Artista en casa
Lecturas, columna de Julia Yerves: Artista en casa
Las creaciones vienen de las ideas más improbables, de impulsos inesperados y de conexiones imposibles, pero oportunas. No podría ser de otra forma. Si pensamos en la naturaleza de los pensamientos que corren libres y sin orden por nuestra mente, poco podríamos esperar de una organización deseada.
Sin llamarle inspiración, aludiré a que se trata de una suerte similar a eso. Inspiración aleatoria. Porque no todo lo que llega desencadena en temas agradables, frases hermosas y sintaxis perfecta. A veces lo que llega duele y se traduce más en valor para escribir que en una idea romantizada que va de la mano a lo que los otros esperan de nuestro ingenio y escritura.
En “Artista en casa”, cuento largo de William Faulkner, conocemos la historia de tres agentes móviles que llamaremos personajes principales. Roger, Anne y el poeta (Blair).
Roger y Anne son esposos; él danza entre los escritores reconocidos por los golpes de fama espontánea y ella lo acompaña en su título nobiliario de quien vive de las letras. Su vida es cómoda, la economía no es un problema, y constantemente reciben, como si de un deber se tratara, a una innumerable cantidad de personas que toman por suyo un espacio destinado a la creación. Ellos, como matrimonio, los reciben y acogen esperando nada a cambio. Roger, sumiso y complaciente, no pone reparos en darles todo
Anne, más humana y menos romántica, nota con molestia las visitas que se tornan abuso de hospitalidad.

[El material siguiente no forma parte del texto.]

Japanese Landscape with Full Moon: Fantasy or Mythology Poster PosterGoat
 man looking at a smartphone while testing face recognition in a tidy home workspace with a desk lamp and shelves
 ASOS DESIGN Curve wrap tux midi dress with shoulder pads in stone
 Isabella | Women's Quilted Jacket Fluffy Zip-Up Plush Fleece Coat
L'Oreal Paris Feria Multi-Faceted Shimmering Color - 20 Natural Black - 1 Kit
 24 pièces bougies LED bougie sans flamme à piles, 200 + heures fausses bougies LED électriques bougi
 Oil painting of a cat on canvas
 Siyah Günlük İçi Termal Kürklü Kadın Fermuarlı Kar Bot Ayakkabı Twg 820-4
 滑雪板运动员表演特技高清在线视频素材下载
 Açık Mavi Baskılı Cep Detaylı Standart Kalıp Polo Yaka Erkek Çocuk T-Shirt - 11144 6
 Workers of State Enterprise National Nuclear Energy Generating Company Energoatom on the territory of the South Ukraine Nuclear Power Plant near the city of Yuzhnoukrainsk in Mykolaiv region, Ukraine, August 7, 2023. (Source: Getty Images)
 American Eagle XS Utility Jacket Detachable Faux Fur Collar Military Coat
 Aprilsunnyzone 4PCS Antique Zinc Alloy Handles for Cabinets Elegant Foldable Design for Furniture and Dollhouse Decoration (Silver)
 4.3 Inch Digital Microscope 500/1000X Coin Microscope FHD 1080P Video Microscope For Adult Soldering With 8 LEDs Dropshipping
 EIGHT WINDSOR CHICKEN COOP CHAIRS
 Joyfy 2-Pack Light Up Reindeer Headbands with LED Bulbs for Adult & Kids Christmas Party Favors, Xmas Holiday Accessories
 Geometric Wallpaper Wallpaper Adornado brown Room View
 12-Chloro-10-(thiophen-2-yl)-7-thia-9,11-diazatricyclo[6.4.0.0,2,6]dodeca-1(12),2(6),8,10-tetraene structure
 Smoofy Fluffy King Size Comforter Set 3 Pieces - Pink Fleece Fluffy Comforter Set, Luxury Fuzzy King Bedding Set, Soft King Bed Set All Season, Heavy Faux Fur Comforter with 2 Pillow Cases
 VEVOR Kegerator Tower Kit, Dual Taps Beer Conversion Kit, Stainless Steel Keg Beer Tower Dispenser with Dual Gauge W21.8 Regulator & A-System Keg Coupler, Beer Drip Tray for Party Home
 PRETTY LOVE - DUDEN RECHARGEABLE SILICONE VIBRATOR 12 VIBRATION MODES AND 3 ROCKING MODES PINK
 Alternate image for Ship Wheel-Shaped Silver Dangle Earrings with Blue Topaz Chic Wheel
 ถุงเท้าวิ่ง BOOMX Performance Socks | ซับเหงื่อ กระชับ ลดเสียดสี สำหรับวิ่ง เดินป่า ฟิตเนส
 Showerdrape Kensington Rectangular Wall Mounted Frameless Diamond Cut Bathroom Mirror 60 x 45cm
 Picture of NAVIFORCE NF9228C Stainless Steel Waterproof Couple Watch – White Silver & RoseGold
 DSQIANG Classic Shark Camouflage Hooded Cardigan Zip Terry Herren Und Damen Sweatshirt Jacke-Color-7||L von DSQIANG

Un día, los visita un poeta diferente a todos aquellos narradores que solían recibir con re- gularidad. Roger parecía más entusiasta. Le ofrece comidas, una habitación, sus jardines, la libertad para moverse entre los pasillos y hablar con los criados, y pronto; un beso de su mujer.
Anne había odiado al poeta y todo lo que representaba tras años de sumisión hospita- laria; significaba la cúspide de tanto que ya no podía soportar. Con el giro en la relación, Roger queda de lado en un momento clave de su carrera literaria: estaba vacío de letras. Las había perdido tras el último golpe de éxito y talento de años pasados. Entonces observa, calla y escribe.
En el transcurso de los días, Roger tomaba largas pausas de luz natural para crear detalles y ocupaba la máquina incesante por las noches para recabar todo lo que sucedía entre su mujer y el poeta durante la jornada.
Le dolía, por supuesto, pero también sabía lo que le esperaba del otro lado de su humillación: la promesa de un nuevo éxito literario.